[Collected data]
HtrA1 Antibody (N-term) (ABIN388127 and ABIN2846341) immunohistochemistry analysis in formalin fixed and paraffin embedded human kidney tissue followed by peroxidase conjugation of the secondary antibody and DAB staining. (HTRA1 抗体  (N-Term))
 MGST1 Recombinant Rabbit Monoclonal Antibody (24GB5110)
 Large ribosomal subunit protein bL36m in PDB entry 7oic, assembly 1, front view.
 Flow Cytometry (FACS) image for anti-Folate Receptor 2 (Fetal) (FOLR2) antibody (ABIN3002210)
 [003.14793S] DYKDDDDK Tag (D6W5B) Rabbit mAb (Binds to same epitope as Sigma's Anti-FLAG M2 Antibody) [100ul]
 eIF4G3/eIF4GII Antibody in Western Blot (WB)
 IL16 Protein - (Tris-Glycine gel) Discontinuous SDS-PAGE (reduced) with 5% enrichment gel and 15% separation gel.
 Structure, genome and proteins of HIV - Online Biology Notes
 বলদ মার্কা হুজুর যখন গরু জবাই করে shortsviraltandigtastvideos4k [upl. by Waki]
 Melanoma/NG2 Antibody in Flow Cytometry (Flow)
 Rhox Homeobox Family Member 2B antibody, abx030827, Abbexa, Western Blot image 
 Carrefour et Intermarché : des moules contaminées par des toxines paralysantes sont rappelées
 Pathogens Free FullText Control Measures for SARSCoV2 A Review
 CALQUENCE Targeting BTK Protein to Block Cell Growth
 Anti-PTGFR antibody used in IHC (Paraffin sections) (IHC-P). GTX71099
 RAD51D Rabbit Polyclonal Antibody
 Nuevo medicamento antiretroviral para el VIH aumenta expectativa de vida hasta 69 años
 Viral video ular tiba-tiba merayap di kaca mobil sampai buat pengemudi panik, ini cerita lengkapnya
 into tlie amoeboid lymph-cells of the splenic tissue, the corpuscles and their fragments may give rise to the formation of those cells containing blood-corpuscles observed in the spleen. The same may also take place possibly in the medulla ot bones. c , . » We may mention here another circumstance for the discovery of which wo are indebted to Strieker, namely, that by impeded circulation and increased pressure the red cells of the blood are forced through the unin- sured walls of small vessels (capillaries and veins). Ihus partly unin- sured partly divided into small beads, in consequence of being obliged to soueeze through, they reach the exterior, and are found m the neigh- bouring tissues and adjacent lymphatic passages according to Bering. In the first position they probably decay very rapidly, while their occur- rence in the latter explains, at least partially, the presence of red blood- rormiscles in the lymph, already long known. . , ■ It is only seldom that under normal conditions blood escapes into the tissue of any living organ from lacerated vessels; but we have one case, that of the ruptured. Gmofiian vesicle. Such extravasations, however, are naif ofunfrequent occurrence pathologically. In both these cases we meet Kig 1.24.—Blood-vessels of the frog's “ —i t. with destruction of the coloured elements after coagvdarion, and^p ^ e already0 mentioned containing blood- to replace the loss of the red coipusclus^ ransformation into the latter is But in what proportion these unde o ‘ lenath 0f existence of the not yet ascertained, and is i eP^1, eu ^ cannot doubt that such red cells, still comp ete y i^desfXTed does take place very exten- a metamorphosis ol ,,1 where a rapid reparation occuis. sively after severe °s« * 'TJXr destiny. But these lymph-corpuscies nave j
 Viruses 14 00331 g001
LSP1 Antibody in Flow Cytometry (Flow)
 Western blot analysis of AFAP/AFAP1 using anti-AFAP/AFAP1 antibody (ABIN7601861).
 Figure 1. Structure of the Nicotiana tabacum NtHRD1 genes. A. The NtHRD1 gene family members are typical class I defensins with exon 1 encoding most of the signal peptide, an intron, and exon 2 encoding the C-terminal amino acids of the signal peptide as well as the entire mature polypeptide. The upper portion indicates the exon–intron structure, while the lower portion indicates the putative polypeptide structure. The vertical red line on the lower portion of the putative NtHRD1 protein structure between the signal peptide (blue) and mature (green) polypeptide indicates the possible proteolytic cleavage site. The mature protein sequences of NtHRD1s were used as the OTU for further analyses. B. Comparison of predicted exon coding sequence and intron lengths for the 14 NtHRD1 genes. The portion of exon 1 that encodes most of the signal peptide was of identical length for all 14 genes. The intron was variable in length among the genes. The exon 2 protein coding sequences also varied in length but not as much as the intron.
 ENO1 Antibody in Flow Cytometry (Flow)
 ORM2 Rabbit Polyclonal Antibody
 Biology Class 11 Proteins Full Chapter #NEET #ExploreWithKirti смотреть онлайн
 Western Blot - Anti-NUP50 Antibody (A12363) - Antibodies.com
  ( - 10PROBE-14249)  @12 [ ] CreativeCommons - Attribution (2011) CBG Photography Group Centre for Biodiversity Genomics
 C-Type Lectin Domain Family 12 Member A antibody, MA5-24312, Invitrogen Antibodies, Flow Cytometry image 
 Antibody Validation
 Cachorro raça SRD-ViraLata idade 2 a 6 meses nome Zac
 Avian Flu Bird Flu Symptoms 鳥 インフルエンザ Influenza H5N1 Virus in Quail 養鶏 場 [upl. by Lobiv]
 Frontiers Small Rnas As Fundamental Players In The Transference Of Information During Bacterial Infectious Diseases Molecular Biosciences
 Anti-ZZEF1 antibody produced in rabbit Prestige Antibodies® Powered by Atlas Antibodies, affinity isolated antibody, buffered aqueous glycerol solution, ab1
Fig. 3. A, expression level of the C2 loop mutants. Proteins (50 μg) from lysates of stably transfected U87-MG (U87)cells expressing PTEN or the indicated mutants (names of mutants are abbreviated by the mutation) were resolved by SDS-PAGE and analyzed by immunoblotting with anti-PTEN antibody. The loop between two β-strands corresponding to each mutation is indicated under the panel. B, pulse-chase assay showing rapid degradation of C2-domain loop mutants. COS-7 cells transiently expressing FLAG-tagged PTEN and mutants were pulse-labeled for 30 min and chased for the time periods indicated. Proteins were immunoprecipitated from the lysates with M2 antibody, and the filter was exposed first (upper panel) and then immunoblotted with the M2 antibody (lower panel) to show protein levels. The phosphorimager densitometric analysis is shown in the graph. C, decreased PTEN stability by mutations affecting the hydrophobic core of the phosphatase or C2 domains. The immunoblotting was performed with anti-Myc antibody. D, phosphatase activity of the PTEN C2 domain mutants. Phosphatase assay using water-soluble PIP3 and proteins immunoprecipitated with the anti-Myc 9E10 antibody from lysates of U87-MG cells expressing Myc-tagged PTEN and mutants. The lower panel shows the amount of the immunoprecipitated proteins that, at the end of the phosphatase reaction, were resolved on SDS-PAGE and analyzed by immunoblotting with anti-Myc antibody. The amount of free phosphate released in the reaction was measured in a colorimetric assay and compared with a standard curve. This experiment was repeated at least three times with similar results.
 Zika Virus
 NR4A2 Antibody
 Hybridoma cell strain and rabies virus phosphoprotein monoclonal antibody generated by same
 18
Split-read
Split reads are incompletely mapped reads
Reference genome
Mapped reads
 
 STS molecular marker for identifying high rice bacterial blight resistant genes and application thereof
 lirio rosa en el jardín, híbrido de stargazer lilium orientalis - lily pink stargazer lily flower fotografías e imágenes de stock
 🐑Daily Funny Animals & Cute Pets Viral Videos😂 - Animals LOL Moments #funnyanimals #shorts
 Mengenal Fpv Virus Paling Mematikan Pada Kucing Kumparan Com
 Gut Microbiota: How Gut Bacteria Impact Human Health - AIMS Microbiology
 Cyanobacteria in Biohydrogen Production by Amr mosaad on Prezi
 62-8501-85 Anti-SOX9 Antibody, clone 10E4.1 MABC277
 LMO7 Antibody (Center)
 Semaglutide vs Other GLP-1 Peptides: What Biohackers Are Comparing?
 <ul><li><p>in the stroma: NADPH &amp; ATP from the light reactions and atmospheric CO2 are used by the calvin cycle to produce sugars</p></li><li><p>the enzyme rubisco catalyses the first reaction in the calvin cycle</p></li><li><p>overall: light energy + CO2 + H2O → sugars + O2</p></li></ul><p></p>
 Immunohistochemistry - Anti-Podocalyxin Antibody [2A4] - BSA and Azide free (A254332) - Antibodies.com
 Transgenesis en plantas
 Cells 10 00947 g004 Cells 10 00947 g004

[ABOUT THIS EXERCISE]
Scan the lines above for "ORM2 Rabbit Polyclonal Antibody" and for "Western Blot - Anti-NUP50". Repeat exactly the line holding each of them and every line in between.

[FINISHED TASK]
 ORM2 Rabbit Polyclonal Antibody
 Biology Class 11 Proteins Full Chapter #NEET #ExploreWithKirti смотреть онлайн
 Western Blot - Anti-NUP50 Antibody (A12363) - Antibodies.com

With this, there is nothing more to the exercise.